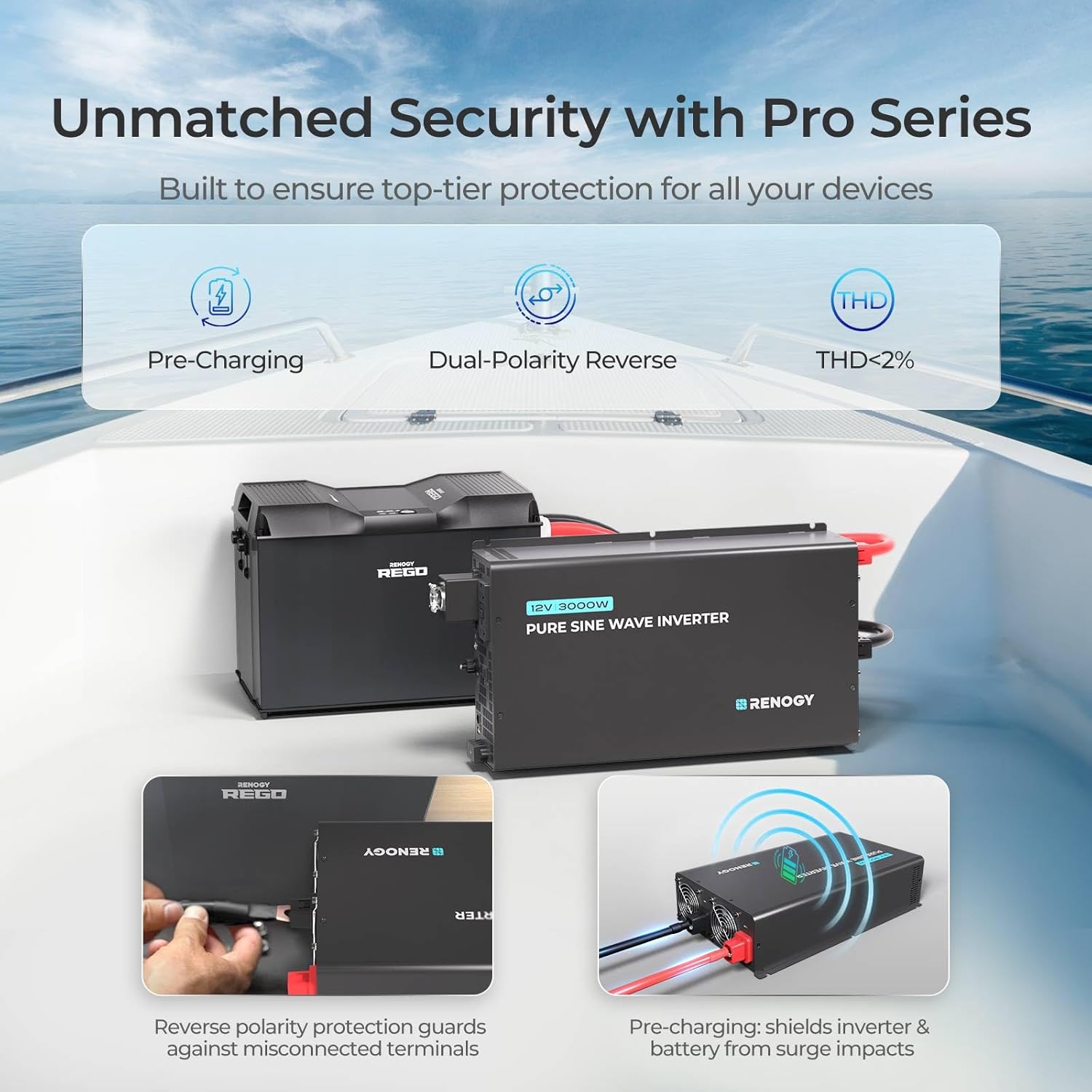 Renogy 3000W 12V Pro Pure Sine Wave Inverter 12V DC to 110V 120V AC Built-in Bluetooth, Ecosleep Mode, with 16.4FT Remote Controller, Support Pre-Charging, 6000W Peak Power, Truck, RV, Home Energy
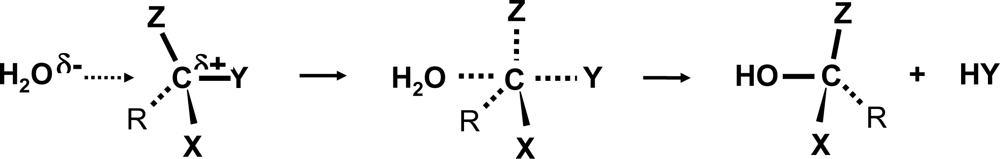 Ijms 10 04033f1 1024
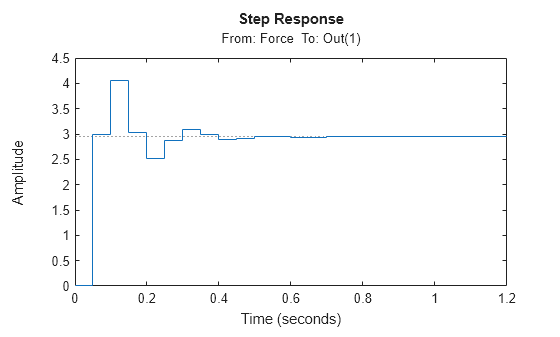 MATLAB figure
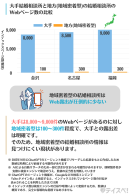 大手と地方の結婚相談所のWebページ数の比較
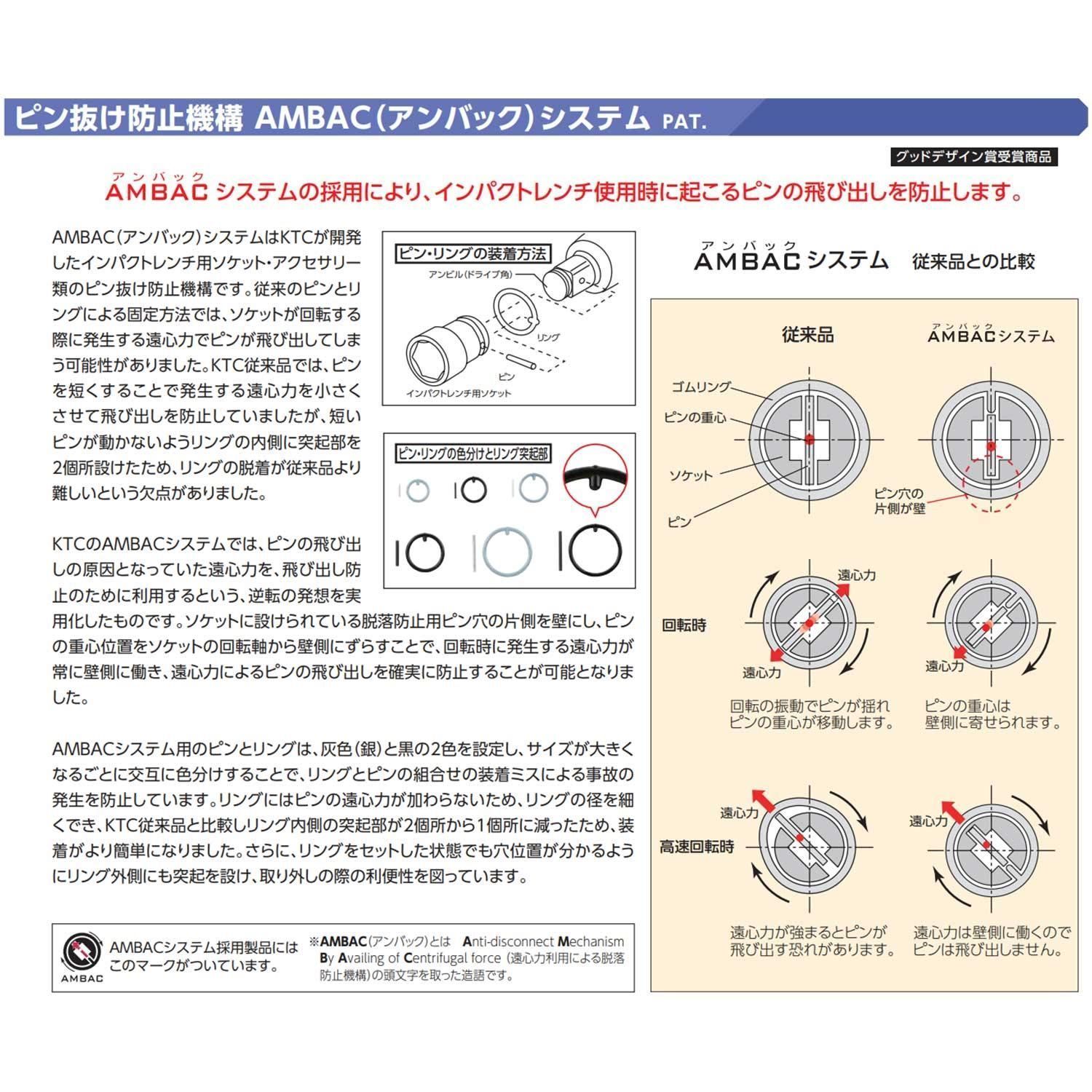 京都機械工具(KTC) インパクトレンチ ソケット (標準) 25.4mm (1インチ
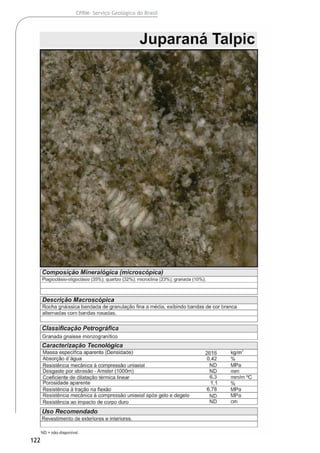 122
CPRM- Serviço Geológico do Brasil
 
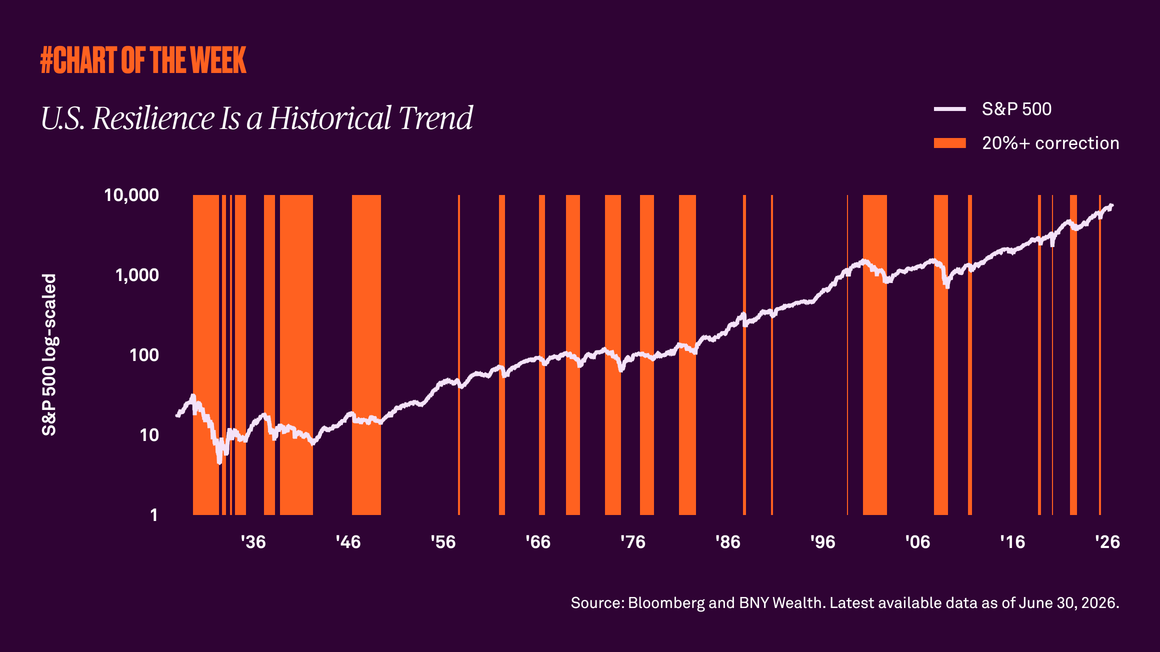 Resilience is a historical trend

» WORK ORDER: Every line of the data above should be returned exactly, with the pictures removed.

» ANSWER SPACE:
 Renogy 3000W 12V Pro Pure Sine Wave Inverter 12V DC to 110V 120V AC Built-in Bluetooth, Ecosleep Mode, with 16.4FT Remote Controller, Support Pre-Charging, 6000W Peak Power, Truck, RV, Home Energy
 Ijms 10 04033f1 1024
 MATLAB figure
 大手と地方の結婚相談所のWebページ数の比較
 京都機械工具(KTC) インパクトレンチ ソケット (標準) 25.4mm (1インチ
 122
CPRM- Serviço Geológico do Brasil
 
 Resilience is a historical trend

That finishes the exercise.